— Data extract —
◇ ◇ ◇ ◇ ◇
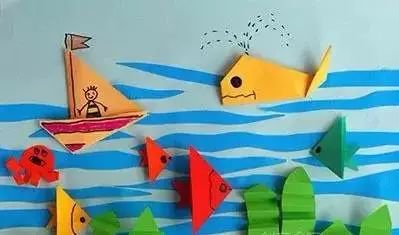 在家陪小孩玩什么游戏,周末和孩子在家玩什么小游戏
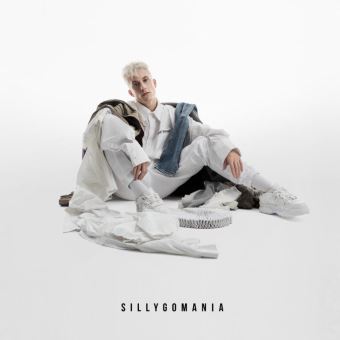 Loic Nottet - Sillygomania - 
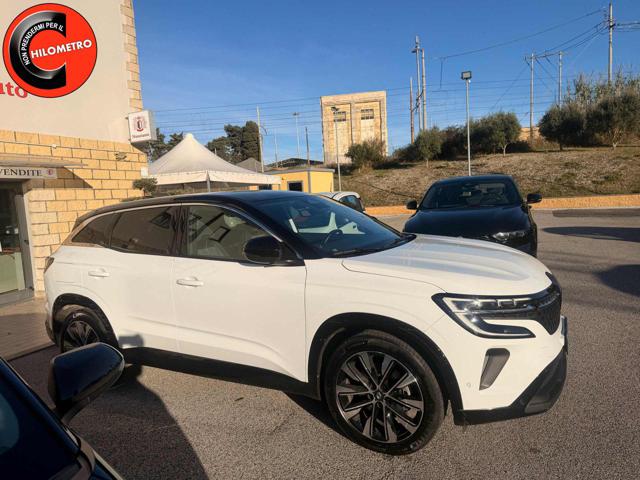 Renault Austral Austral Full Hybrid E-Tech 200 CV Techno - foto 2 di 4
◇ ◇ ◇ ◇ ◇
— What you need to do —
The material above must be reproduced line for line, with the images omitted.

— Response area —
 在家陪小孩玩什么游戏,周末和孩子在家玩什么小游戏
 Loic Nottet - Sillygomania - 
 Renault Austral Austral Full Hybrid E-Tech 200 CV Techno - foto 2 di 4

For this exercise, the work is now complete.